Lord Sacks, who until 2013 was the Chief Rabbi of the United Hebrew Congregations of the Commonwealth, has been pondering the kind of leadership he believes is required to help navigate our current uncertain and troubling times.

The Rabbi has concluded that, in the unpredictable world in which we live, we do not so much need take-charge, proactive, get-the-job-done leaders, as we need leaders who are teachers.


If we are to negotiate the coming years safely, we may need a new kind of leadership. To put it more precisely, we need the rediscovery of an ancient kind of leadership that has rarely been given the prominence it deserves. I mean the leader as teacher.

Rabbi Sacks suggests that the great leaders of the past have all been great communicators.

The great leaders have been teachers, among them Roosevelt, Churchill, Ben Gurion, Gandhi, Martin Luther King and Nelson Mandela. They spent inordinate amounts of time reading, thinking, learning, writing, studying the past and its lessons the better to understand the future and its challenges. And then they taught. They made speeches, they wrote articles and books, coined vivid phrases and told stories so that people would understand the long journey that lay ahead and the sacrifices they might have to make along the way.

They appealed to people’s altruism. They made sure that the sacrifices were borne equally and that everyone contributed. They had no patience for people intent on their own advantage at the cost of others. They didn’t seek miracles or make promises they couldn’t keep. They knew that the only way successfully to negotiate change is to educate the people, trust them, empower them and speak to the better angels of their nature. They taught. And they were tireless.

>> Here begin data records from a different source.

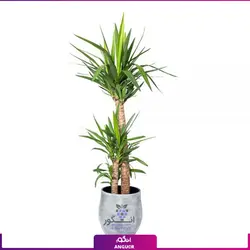 خرید اینترنتی گلدان گیاه یوکا (مشاوره رایگان و ارسال به سراسر ایران)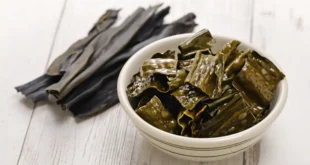10 Vorteile und Eigenschaften der Kelp-Alge für die Gesundheit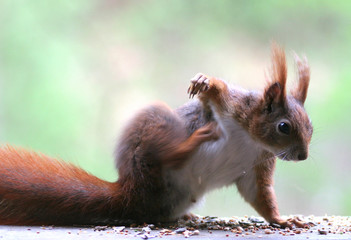 Eichhörnchen kratzt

The leader as teacher is a lovely and provocative suggestion. I do not anticipate seeing such a vision capturing the popular organizational imagination in my lifetime.

The skills of the true teacher are not the skills our culture values.

To become a visionary teacher requires time alone, time to engage seriously and deeply with the thoughts of the wise ones from the past. Wisdom does not easily or quickly surrender its riches to the casual passerby. To plumb the depths of wisdom demands patience and calm. The wise leader knows when to step away from busy activism to gain new insight and seek a bigger perspective. True leadership is nurtured in the desert.

The world of smart phones, texting and tweeting is antithetical to the disciplines of silence, listening, and spaciousness that are the fruitful ground from which great leadership emerges.

It takes courage to unplug and walk away from the chatter and clutter of our culture.

We live in a confusing world. Change happens at lightening speed. It is impossible to keep up with the flow of information and the shifts that take place almost every day in the world community. It seems at times we stand on the brink of some great cataclysm.

Ancient Jewish tradition has a legend according to which

Every day an angel goes out from the presence of the Holy One to destroy the world and to turn it back to what it used to be. But once the Holy One observes young children in their schools and disciples of the wise in their houses of study, His anger immediately turns into mercy.

Putting aside the image of an angry God, the legend holds out the profound possibility that the world is held back from the brink of disaster by the efforts of those who take time to ponder and study.

Perhaps the way forward in tumultuous times lies with those who step aside for a moment and penetrate the deep wisdom of the past, to find the way to be truly human in the present.